Title page for ETD etd-04202011-224416

Type of Document Master's Thesis
Author Elliott, Erin T.
URN etd-04202011-224416
Title Soft Sediment Relay Zones: A High Resolution Seismic Survey Livingston Parish, Louisiana
Degree Master of Science (M.S.)
Department Geology & Geophysics
Advisory Committee
Advisor Name Title
Lorenzo, Juan Committee Chair
Bart, Philip Committee Member
Nunn, Jeffrey Committee Member
  • Baton Rouge Fault
  • Baton Rouge-Tepetate Fault System
  • growth fault
  • listric normal fault
  • Livingston Parish
  • relay ramp
  • Seismic Unix
Date of Defense 2011-02-21
Availability unrestricted
The southern coast of the United States, bordering the Gulf of Mexico, is home to several down-to-the-south, listric, normal fault systems striking parallel to the coast. One of these, the Baton Rouge–Tepetate Fault System located in southern Louisiana, consists of a series of near-surface, reactivated growth faults and relay ramps– a broad area of ductile strain, with contemporaneous sedimentation. Evidence of recent fault and relay ramp movement is seen in surficial fault line scarps and offset roads. This thesis utilizes two near-surface (<500 m), high-resolution (10 - 300 Hz), continuous seismic reflection profiles (360 m and 480 m long, 3 m geophone spacing; 24-channel) previously collected across a growth fault and a portion of a possible relay ramp in Livingston Parish, Louisiana to study this soft sediment system.

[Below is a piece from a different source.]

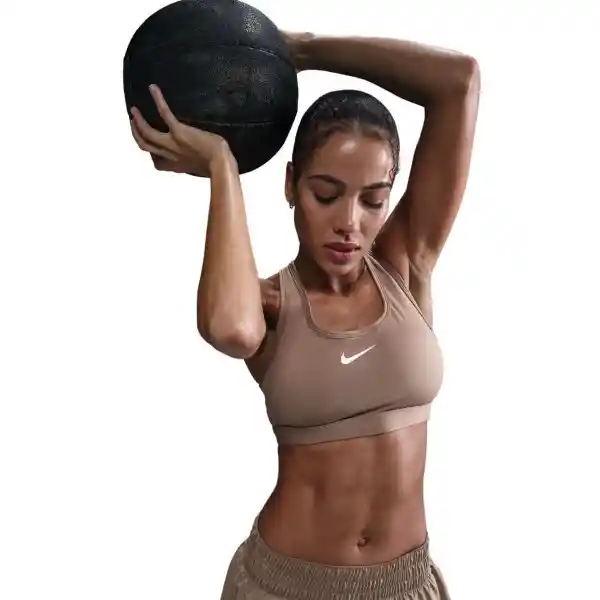 Nike Brásier W Swsh Med Spt Top Para Entrenamiento Mujer Café XS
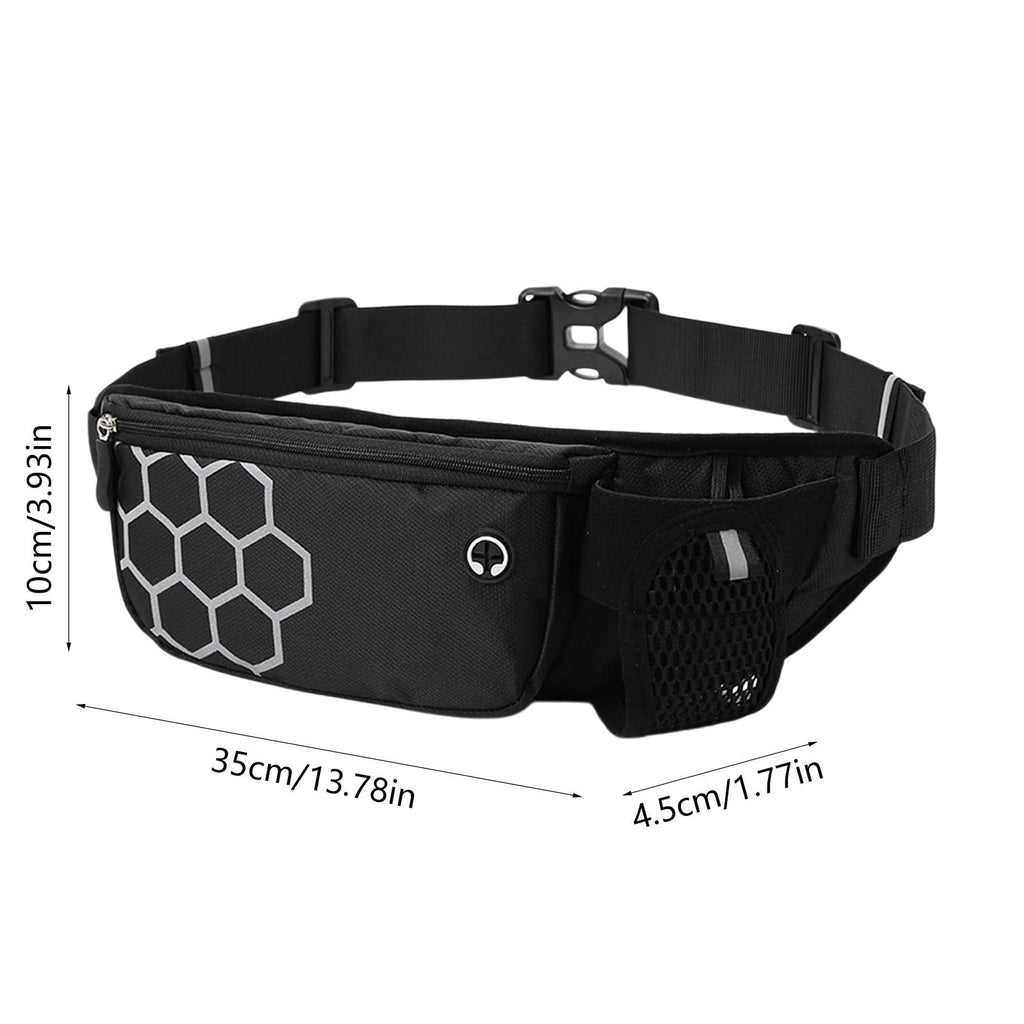 Running Waist Pack with Water Bottle Holder | Waterproof Sports Belt Bag for Phone & Keys | Unisex Fanny Pack 27x14cm | Lightweight Marathon Running Gear & Hiking Hydration Pack | 100g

The seismic source is a down-hole Betsy seisgun and source-to-receiver offsets range from 4 to 73 meters. One seismic line, seismic line LSU 4 (480 m) crosses near the tip of the fault at a point where there is no noticeable vertical offset. Seismic line LSU 1 (360 m) crosses the fault where a surficial scarp shows an offset of 1.5 m. The two seismic profiles are processed and analyzed for broken, offset reflectors indicating fault movement. This analysis, combined with well log data and gravity surveys across the fault and in the relay ramp area has shown that: (1) the near surface consists of numerous small faults distributed over a distance of ~40 m (2) fault movement is ~40 m since the early Pleistocene (3) a previously interpreted gravity high coincides with the faulted region (4) the characteristics of the imaged region are consistent with those of a relay ramp.